Erri de Luca, dangereusement intègre...
Source : Le Lot en Action n°89 (avril 2015), par l'Atra-Bill-R, mis en ligne le 19 juin 2015
Erri de Luca, écrivain italien, existe. Il écrit et je le lis. C’est comme cela que je l’ai rencontré, mais bien que quelques unes de ses passions me soient étrangères, son vécu et la grandeur de ses désirs ont été et sont toujours les miens.
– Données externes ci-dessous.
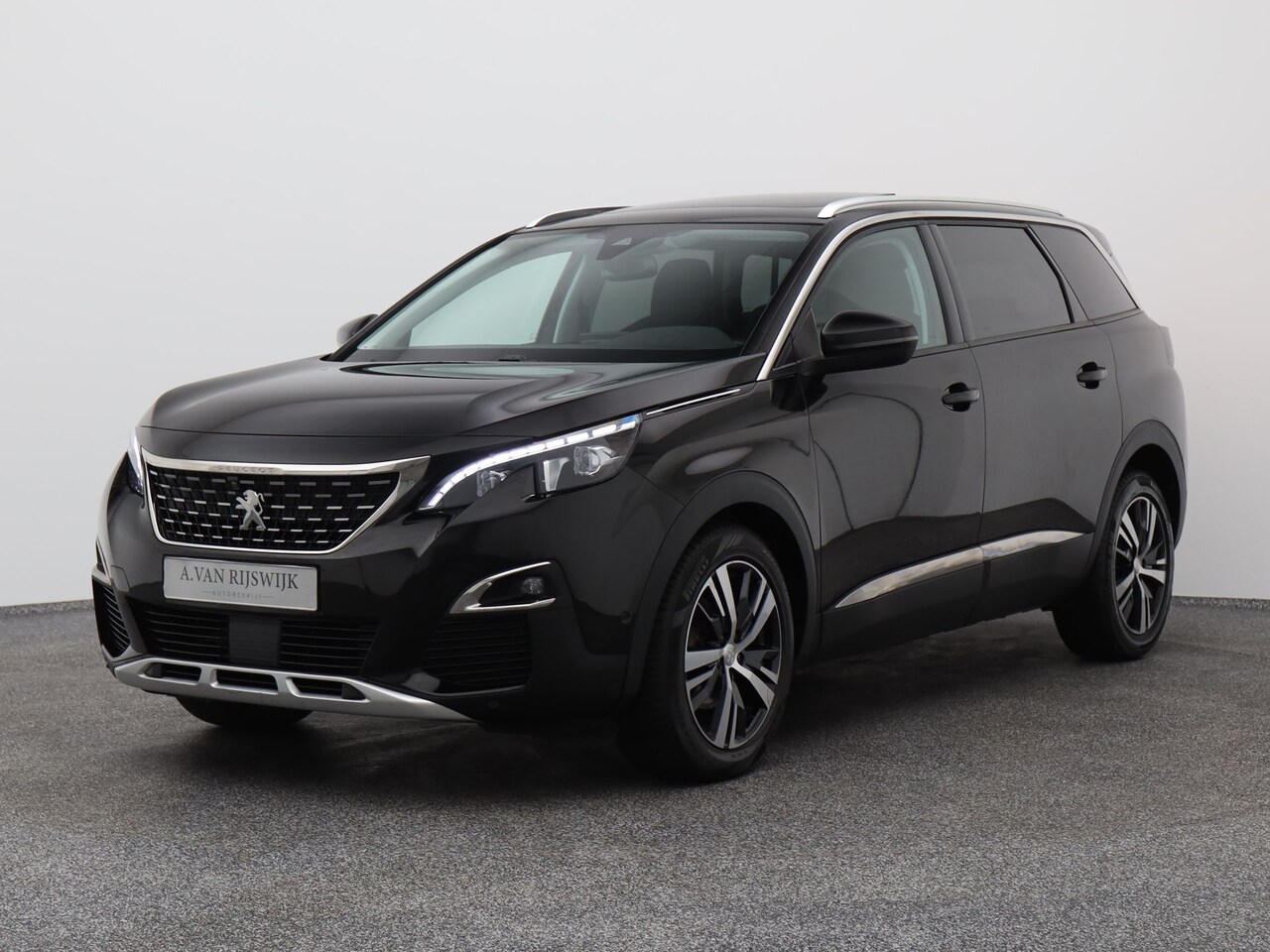 Peugeot 5008 - 1.6 THP 165 PK Automaat Allure 7-Pers. | PANO | 360° | KEYLESS - AutoWereld.nl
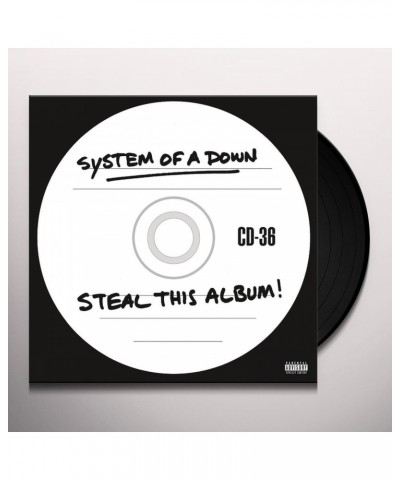 System Of A Down STEAL THIS ALBUM Vinyl Record $10.03 Vinyl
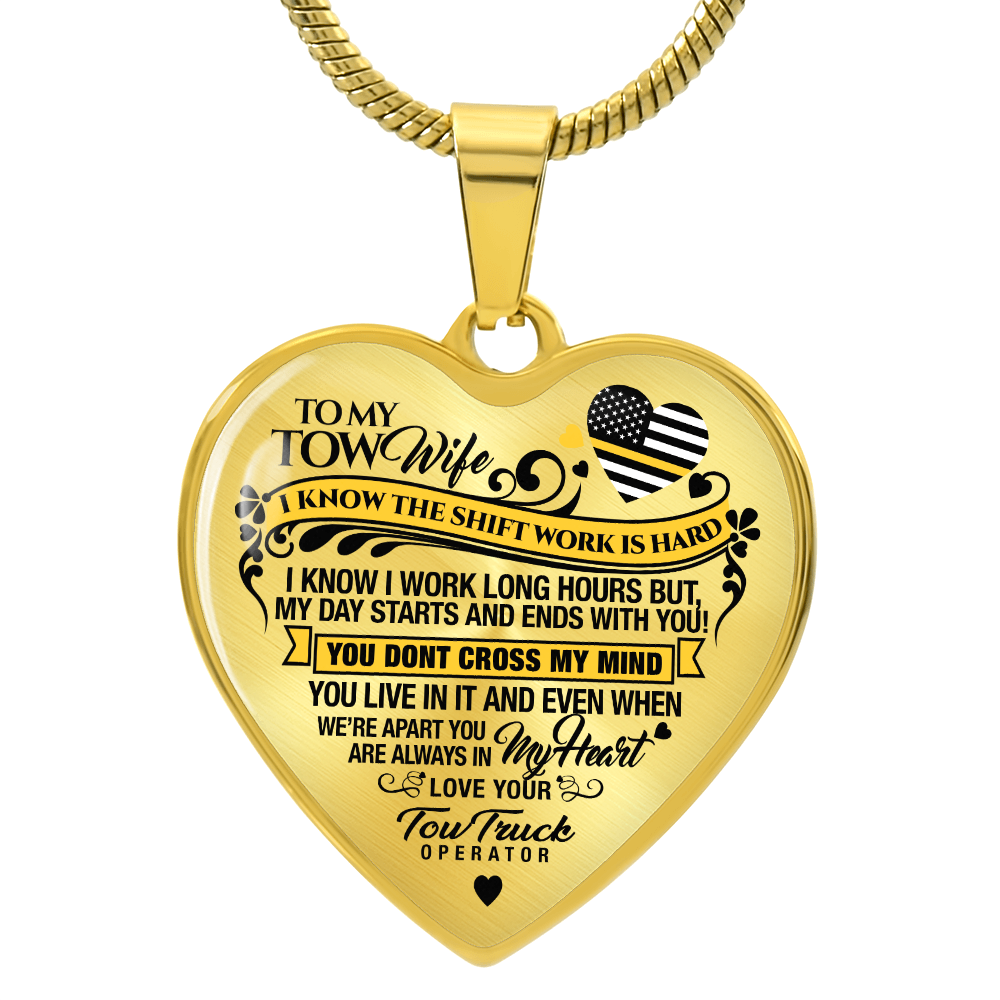 Proud Tow Wife Luxury Necklace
Pendant 20 ans, comme beaucoup d’entre nous, il était ouvrier et il lisait. Là est le danger ; laisser un ouvrier lire. Parce qu’ensuite il peut se mettre à peiner et même parfois (quelle horreur !) à écrire. De Luca a eu sa part dans les temps troublés des brûlantes années 70, et en Italie l’incendie a duré 10 ans. Le pouvoir traumatisé ne peut le pardonner. Contrairement à beaucoup, De Luca est resté digne et fidèle à ses engagements sans quémander aucune sorte de place dans le spectacle. Aujourd’hui l’État italien a engagé des poursuites à son encontre. Sous quel prétexte ? Pour apologie du terrorisme, bien sûr ! (Il est vrai qu’en matière de terrorisme, l’État italien est un expert depuis 1920). De Luca a eu l’outrecuidance de contester le bien-fondé de la ligne de TGV Lyon-Turin et dénoncer le massacre environnemental que sa mise en place induirait.
Ce projet et sa mise en œuvre sont privés, mais comme il est classé d’intérêt public, ce sont les contribuables qui le financent. Et ce sont les pouvoirs publics italiens qui entament des poursuites pour défendre les intérêts privés contres les lâches agressions verbales de De Luca. C’est l’État italien qui instruit à charge et condamne dans le même mouvement. Ce même État, héritier dégénéré du fascisme, tient davantage de la mafia qu’autre chose. Lui qui a été complice des attentats commis par les réseaux de l’OTAN pour déstabiliser les mouvements sociaux, complices des traficotages vaticano-financiers de la banque Ambrozziano, dont beaucoup « d’honorables représentants » étaient membres de la loge Potere Duo (les plus emblématiques de cette racaille : le très honorable sénateur à vie Andreotti, ancien premier ministre poursuivi pour complicité de crime mafieux et le bongabonga boy Berlusconi, tous les deux condamnés…et libres).
Et c’est cette fange qui ose poursuivre un homme parfaitement intègre (et par là même vraiment dangereux…). Même si De Luca pense que le temps des révolutions est dépassé, il était gauchiste, voilà ce que ne saurait lui pardonner un monde blâmable. Et il proteste encore, là est sa faute.
Car là où règnent les conditions modernes de la domination, seule est permise la soumission, l’ordre dictatorialo ne veut plus de critique, il ne veut même plus que la chose soit envisageable, mais de Luca ne rompt pas ni ne plie. Il maintient ses propos et déclare ne redouter ni la prison, ni la solitude. Son courage est exemplaire et tout doit être fait pour le soutenir.
Hasta siempre compañeros !
PS : si vous voulez l’aider, achetez tous ses bouquins, ou volez-les, ça lui fera des tunes pour cantiner, vous pouvez même pousser le vice jusqu’à les lire ou les offrir.